Defibrillators deliver a high-voltage pulse to the heart in order to restore normal rhythm and contractile function in patients who are experiencing arrhythmia, such as ventricular fibrillation (“VF”) or ventricular tachycardia (“VT”) that is not accompanied by a palpable pulse. There are several classes of defibrillators, including manual defibrillators, implantable defibrillators, and automatic external defibrillators (AEDs). AEDs differ from manual defibrillators in that AEDs are pre-programmed to automatically analyze an electrocardiogram (ECG) rhythm to determine if defibrillation is necessary and to provide administration measures such as shock sequences and cardio pulmonary resuscitation (CPR) periods. To this end AEDs, but possibly also other types of defibrillator, comprise an ECG monitoring circuitry. Some types of defibrillators use the ECG monitoring circuitry to provide a ‘demand pacing’ function, wherein the ECG monitoring circuitry continually compares the patient's heartbeat to a desired outcome, and provides additional stimulus if the heart cannot maintain its required performance.
ECG signals are relatively weak electrical signals. The ECG monitoring circuitry needs to be sensitive enough to detect and analyze the ECG signals. The defibrillator also comprises high-voltage circuitry for generating a high-voltage pulse to be administered to the patient. The high-voltage pulse is conducted via a set of defibrillation leads to a set of defibrillation pads which are attached to the patient. Depending on the design of the defibrillator, the high-voltage circuitry and the ECG monitoring circuitry share the same pads and leads, or the ECG monitoring circuitry is connected to the patient via dedicated monitoring leads and monitoring pads.

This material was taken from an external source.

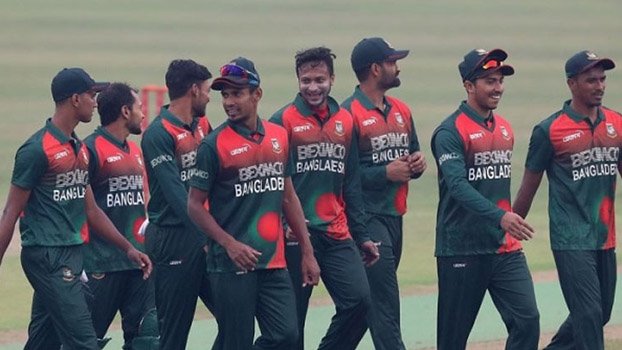 Tigers ODI and T20 squad leaves country for Zimbabwe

When a high-voltage pulse is administered to the patient by means of the high-voltage circuitry, the high-voltage pulse is also transmitted to the ECG monitoring circuitry. The ECG monitoring circuitry receives substantially the full high-voltage pulse if the ECG monitoring circuitry shares the defibrillation pads and/or defibrillation leads with the high-voltage circuitry. Even if the ECG monitoring circuitry uses separate monitoring pads and monitoring leads, a significant portion of the high-voltage pulse may reach the ECG monitoring circuitry due to electrical coupling through the body of the patient. Therefore, it is usually necessary to protect the ECG monitoring circuitry in a defibrillator.

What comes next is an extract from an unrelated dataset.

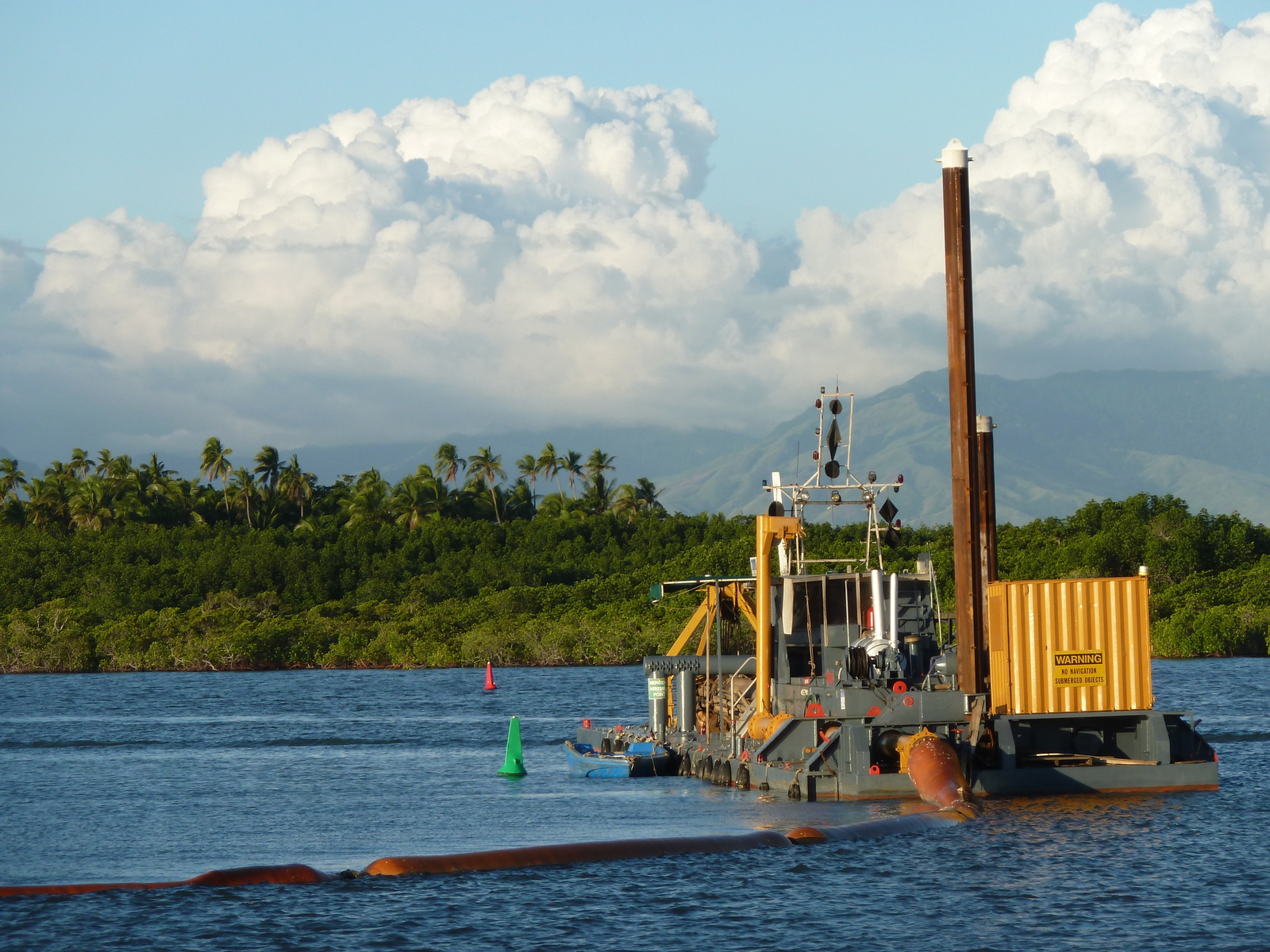 Photo Îles Fidji Port Denarau 2010-05 35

Protecting an ECG monitoring circuitry in a defibrillator is a challenging design problem. The monitoring circuitry has very high impendence and detection of improper patient connection requires detecting small changes in operating current, usually on the order of a few nanoamperes. At the same time, the monitoring circuitry will be exposed to brief high-voltage transients many times over the life of the defibrillator. Many overvoltage protection devices that work well in other applications require far too much steady-state power to be applied to such a circuit. Gas discharge tubes (GDTs), or spark gap devices, are a notable exception: they combine the attributes of moderate clamping voltages, very high impedance in their uncharged state, and fast operation. For these reasons, GDTs are the protection device of choice in ECG monitoring circuitry for modern defibrillators.
The inventors of the teachings disclosed herein have realized that gas discharge tubes (GDTs) may exhibit an unpredictable behavior with respect to their breakdown voltage and the time it takes for them to change between a high-impedance mode to a short-circuit mode. GDTs require a certain level of steady-state gas ionization activity. Without this ionization, the GDT may remain in its linear operating mode during a high-voltage pulse. The GDT may even remain in the off state for a portion of the high-voltage pulse. While in its linear operating mode the GDT only conducts a relatively small current. This means that a device to be protected by the GDT would be exposed to the high-voltage pulse for quite some time, or that a significant amount of electrical current would be discharged via the device to be protected, for example the ECG monitoring circuitry. The GDT may also take a comparatively long time (several milliseconds) to change state when first excited, risking damage to the circuit that the GDT protects.
A traditional method of promoting a prompt arc-over is to add a small amount of radioactive material to the ionizing gas in the GDT. This method is no longer desirable due to environmental and health reasons.